The IEEE Daniel E. Noble Award for Emerging Technologies was previously named the Morris N. Liebmann Award, which was originally established by the Institute of Radio Engineers in 1919 and then assumed by IEEE in 1963 when the two organizations merged.
Recipient selection is administered by the Technical Field Awards Council of the IEEE Awards Board.
Note: This Technical Field Award is not to be confused with the Daniel E. Noble Fellowship, which is jointly sponsored by the IEEE Vehicular Technology Society and Motorola, Inc.
Sponsor: Motorola Solutions Foundation
Presented to: An individual or team of up to three
Scope: For outstanding contributions to emerging technologies recognized within recent years
Prize: The award consists of bronze medal, certificate, and honorarium.
Basis for judging: In the evaluation process, the following criteria are considered: emerging technologies recently discovered; invented or recognized technology importance; impact; originality; breadth; significance; quality of the nomination.
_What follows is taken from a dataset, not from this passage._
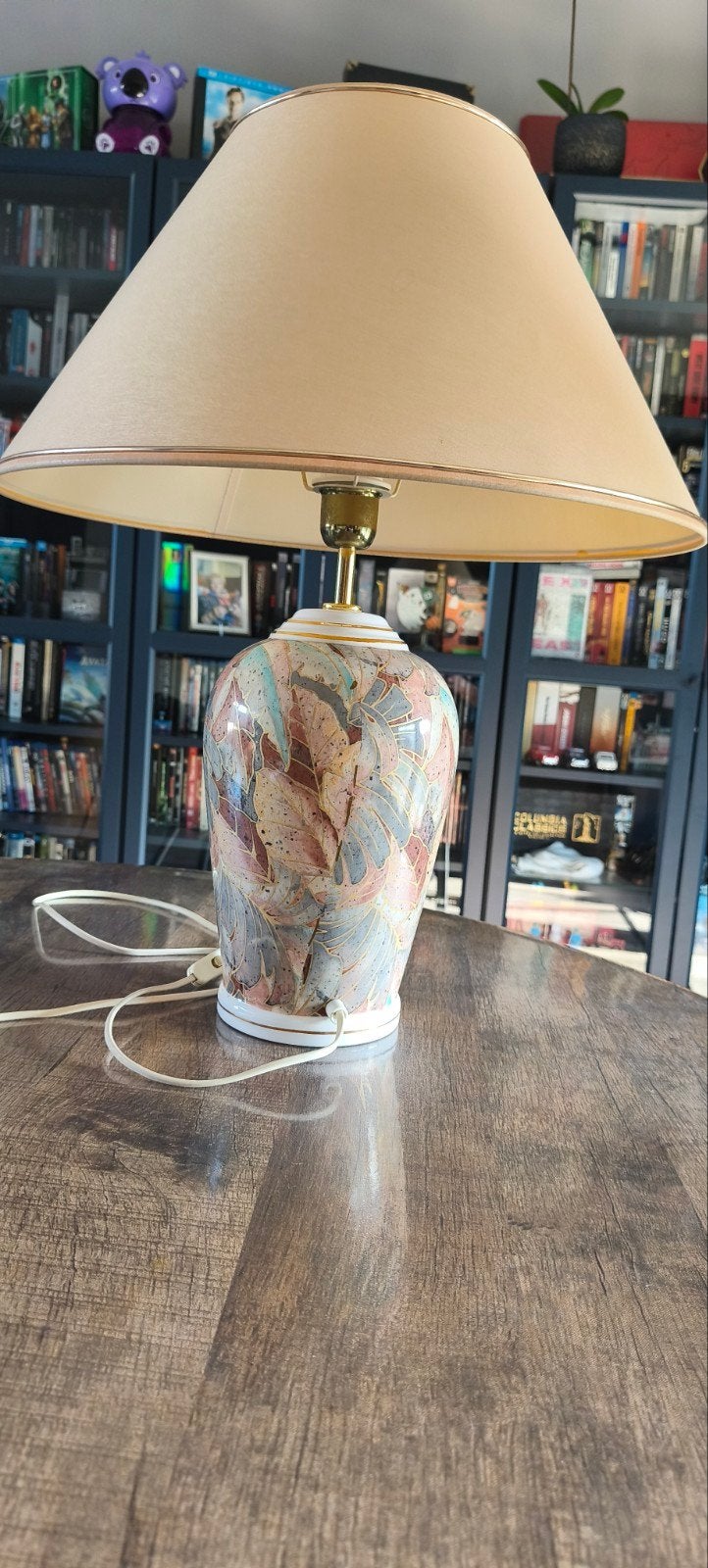 Vintage Postmoderne Tafellamp Jaren '80 - Keramiek Pastel, Gebruikt, Textiel, Meerkleurig, Met kap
Nomination deadline: 31 January
Notification: Recipients are typically approved during the June IEEE Board of Directors meeting, usually held towards the end of the month. Recipients and their nominators will be notified following the meeting. Subsequently, the nominators of unsuccessful candidates will be notified of the status of their nomination.
Presentation: IEEE policy requires that its awards be presented at major IEEE events that are in keeping with the nature of the award and the cited achievement.